Create a standby database with RMAN

After the incident with missing forced logging in primary database the logical standby had to be created again. Compared to what is normal these days the database is not huge, but the standby database remains on a server in a different city and the link between isn't exactly a digital super highway. Also I had to restrict the consumed bandwidth during transfer with secure copy (scp -l 2500, restricts to 2500 kbs) or else connections to the primary database might suffer.

RMAN provides the command duplicate target database for standby, but you don't have to use this in order to create a physical standby. Actually some prefer not to use the duplicate command; the target database RMAN needs to be connected to while the duplicate process executes is the source database, which may be your main production database. If it takes some time to finish and you forget that your target is not the new database (the clone), but the primary, and you then do a shutdown immediate... well, you probably do that mistake only once.
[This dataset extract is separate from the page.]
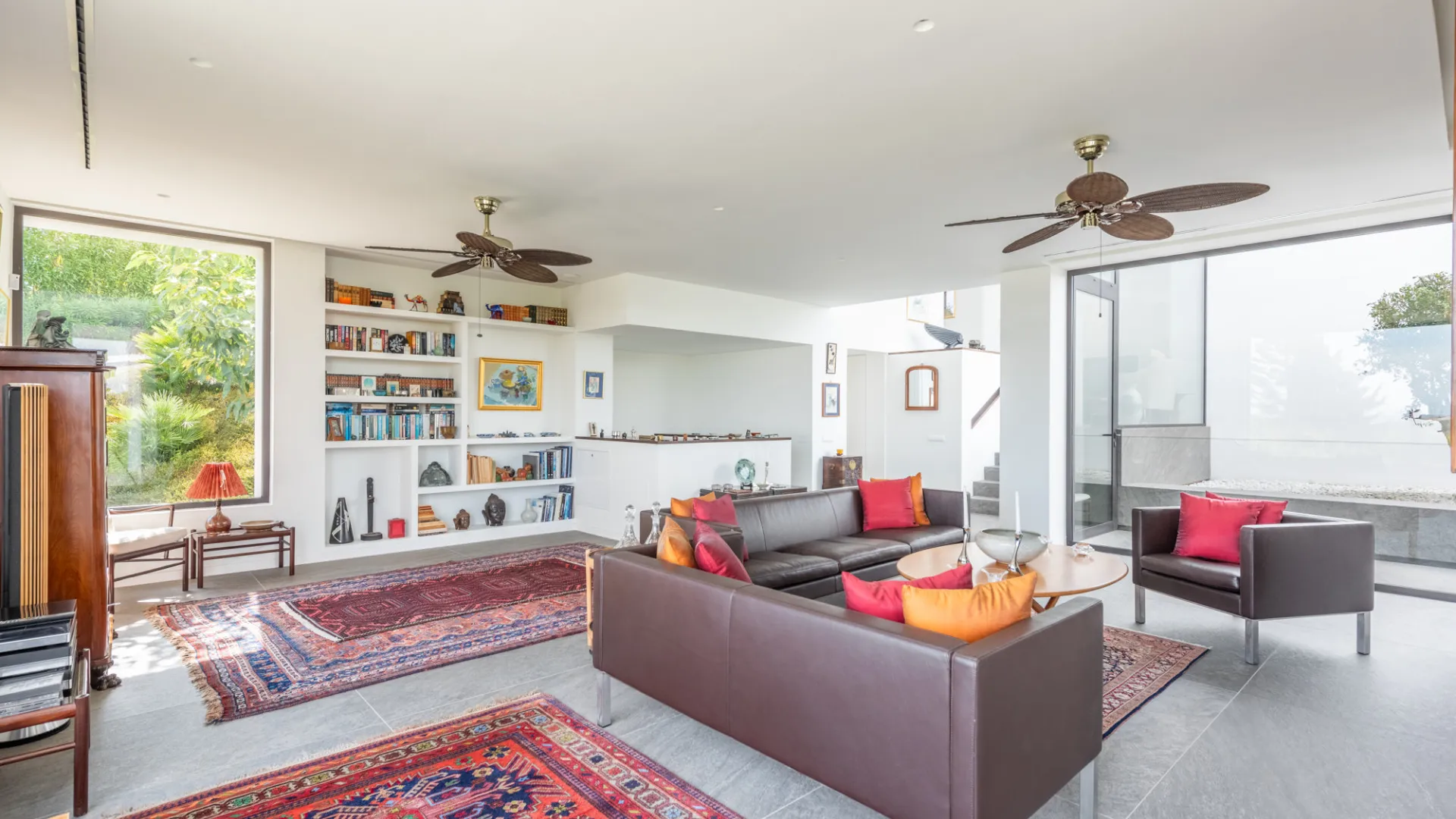 Zona F, villa en venta de 5 dormitorios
Anyway you need a backup of the database and of the controlfile in standby format. In RMAN:

run {
backup current controlfile for standby
format '/s01/backup/foo/standby.ctl';
allocate channel c1 device type disk
format '/s01/backup/foo/%U' maxpiecesize 10G
backup database ;

I use the MAXPIECESIZE-option in order to limit the size of each file, it makes it all more manageable. Another useful option is RATE, which limits how much is read pr second from the database files. I did not use it since RMAN did not put a severe load on our SAN while the backup was running. The next three days where spent copying the files to the other server.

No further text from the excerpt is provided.